Animal Triste – Jericho

Animal Triste Jericho

À la suite de leur premier album éponyme, les membres d’Animal Triste avaient rebâti leur chapelle sur les braises incandescentes du rock. Night Of The Loving Dead était aussi brûlant que le Burning Man du désert de Black Rock. Non pas une résurrection, mais un remodelage enflammé, flèche vers le haut, flèche vers le bas, propre à réveiller un mort. Convoquant les fantômes de leurs héros, ils avaient transcendé cet héritage en façonnant des murs de sons mélodiques renversants, tout en gardant une ligne de vie solidaire et généreuse. Non pas un revival mais une continuité. Et pour leur troisième album, ils sonnent les trompettes de Jericho. Excusez du peu. Rien ne résiste à leurs attaques à coups de guitares abrasives, de chants incantatoires et de rythmiques destructrices. Les murs du rock tombent pour mieux être reconstruits. En somme, une belle métaphore de l’esprit qui anime le chemin musical de nos Normands enfiévrés, Yannick Marais au chant, Darko, Sébastien Miel et Fabien Senay, telle une trinité païenne, aux guitares, Cédric Kerbache à la basse et Mathieu Pigné à la batterie. Peter Hayes des Black Rebel Motorcycle Club accepte une nouvelle fois de les accompagner dans leur périple, mais il n’est pas le seul puisque Alain Johannes, connu pour ses participations aux mythiques Queens Of The Stone Age, Chris Cornell, P.J Harvey, Them Crooked Vultures ou encore Arctic Monkeys, prend lui aussi la route avec eux. C’est dire s’ils ont frappé très fort, assez pour faire se contracter les muscles stapédiens de nos deux légendes. En passant, Marina Hands descend dans leur crypte et y délivre une prestation passionnée. Jericho bouscule, entraîne, mord, fait exploser les compteurs, tranche, démolit, reconstruit, arme sa chambre de revolver avec onze titres, autant de cartouches qui feront mouche.
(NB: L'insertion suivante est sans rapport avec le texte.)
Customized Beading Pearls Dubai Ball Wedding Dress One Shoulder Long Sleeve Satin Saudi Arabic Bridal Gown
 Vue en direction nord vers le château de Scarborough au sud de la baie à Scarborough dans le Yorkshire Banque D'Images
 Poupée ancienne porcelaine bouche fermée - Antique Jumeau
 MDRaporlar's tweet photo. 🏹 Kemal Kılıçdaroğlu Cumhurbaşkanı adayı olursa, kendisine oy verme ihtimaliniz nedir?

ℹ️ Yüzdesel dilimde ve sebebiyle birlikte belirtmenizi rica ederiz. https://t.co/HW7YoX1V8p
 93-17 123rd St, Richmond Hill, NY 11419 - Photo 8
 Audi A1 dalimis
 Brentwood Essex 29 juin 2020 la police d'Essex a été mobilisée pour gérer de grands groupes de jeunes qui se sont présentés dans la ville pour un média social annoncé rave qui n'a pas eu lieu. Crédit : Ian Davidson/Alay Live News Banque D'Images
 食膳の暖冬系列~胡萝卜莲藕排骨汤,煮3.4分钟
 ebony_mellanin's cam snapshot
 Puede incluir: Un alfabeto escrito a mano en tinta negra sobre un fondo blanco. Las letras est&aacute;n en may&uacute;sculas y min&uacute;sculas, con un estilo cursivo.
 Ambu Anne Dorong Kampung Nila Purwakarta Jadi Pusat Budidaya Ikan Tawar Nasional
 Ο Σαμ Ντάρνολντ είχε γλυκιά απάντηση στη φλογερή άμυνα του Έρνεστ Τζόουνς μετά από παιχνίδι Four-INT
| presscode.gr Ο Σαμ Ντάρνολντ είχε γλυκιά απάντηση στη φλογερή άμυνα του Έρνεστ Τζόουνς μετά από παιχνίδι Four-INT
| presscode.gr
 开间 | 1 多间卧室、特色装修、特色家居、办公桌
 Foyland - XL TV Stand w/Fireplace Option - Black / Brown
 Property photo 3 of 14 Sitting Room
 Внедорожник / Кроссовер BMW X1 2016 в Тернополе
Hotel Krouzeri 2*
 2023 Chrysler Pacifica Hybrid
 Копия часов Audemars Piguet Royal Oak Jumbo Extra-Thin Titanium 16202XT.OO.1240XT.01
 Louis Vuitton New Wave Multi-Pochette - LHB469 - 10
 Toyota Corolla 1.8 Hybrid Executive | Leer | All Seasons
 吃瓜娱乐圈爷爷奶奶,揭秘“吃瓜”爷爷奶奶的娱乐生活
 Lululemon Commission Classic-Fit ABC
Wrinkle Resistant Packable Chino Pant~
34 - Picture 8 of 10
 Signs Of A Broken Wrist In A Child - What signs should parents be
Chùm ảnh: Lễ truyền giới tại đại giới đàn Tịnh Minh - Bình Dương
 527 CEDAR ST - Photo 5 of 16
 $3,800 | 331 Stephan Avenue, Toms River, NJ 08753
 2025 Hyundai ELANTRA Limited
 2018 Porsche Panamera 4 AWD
Avec un nom comme « Ave Satan », ce morceau ne pouvait qu’ouvrir l’album. D’autant plus que ça tabasse sec et que le niveau en termes d’assauts soniques est très haut. Intense comme jamais, Animal Triste balance à la face du monde leur hargne d’une fulgurance folle. On les connaissait démembreurs de fans de Zaz, ils se transforment en équarrisseurs guerriers du rock. Ils en rendent la noblesse à chaque seconde de ce titre constitué d’explosions sonores jouissives. Ils n’ont pas vendu leur âme au diable, mais leur route les a forcément amenés à le croiser. En résulte un mètre étalon qui ne fait qu’enfoncer le clou sur la place essentielle du combo dans le paysage rock français. Comme une virée de bikers sur les routes des déserts américains, c’est à grande vitesse que les souvenirs défilent dans les « Rearview Mirrors », une seconde histoire d’une personne laissée derrière soi dans un contexte trouble et vénéneux. Le sifflement de départ installe une ambiance cowboy, le riff entêtant de guitare reflète l’âme du personnage avant que tout ne s’emballe dans le soleil crépusculaire. Une claque cinématographique au final grandiose avec un Yannick Marais, ténébreux à souhait. Retour de la guitare acoustique avec « Homecoming King » où la voix de Yannick se rapproche de celle de Matt Berninger de The National. Une ballade mélodique au large spectre, envoûtante et aérienne, un terrain inédit pour Animal Triste qui pose habilement les contours de ses fortifications. À ce stade, il faut saluer le talent d’interprétation de Yannick Marais qui livre une performance différente à chaque titre. Pour « Teenage Wheels », c’est tel un Leonard Cohen habité ou un Mark Lanegan qu’il va s’inscrire dans cette chanson. Musicalement, c’est un autre voyage, existentiel celui-là, qui s’engage, une impression d’angoisse lancinante qui va progressivement exploser pour mieux s’exorciser. La batterie de Mathieu cogne avec une tension rarement atteinte. Tendu comme un arc, ce court morceau est un petit bijou.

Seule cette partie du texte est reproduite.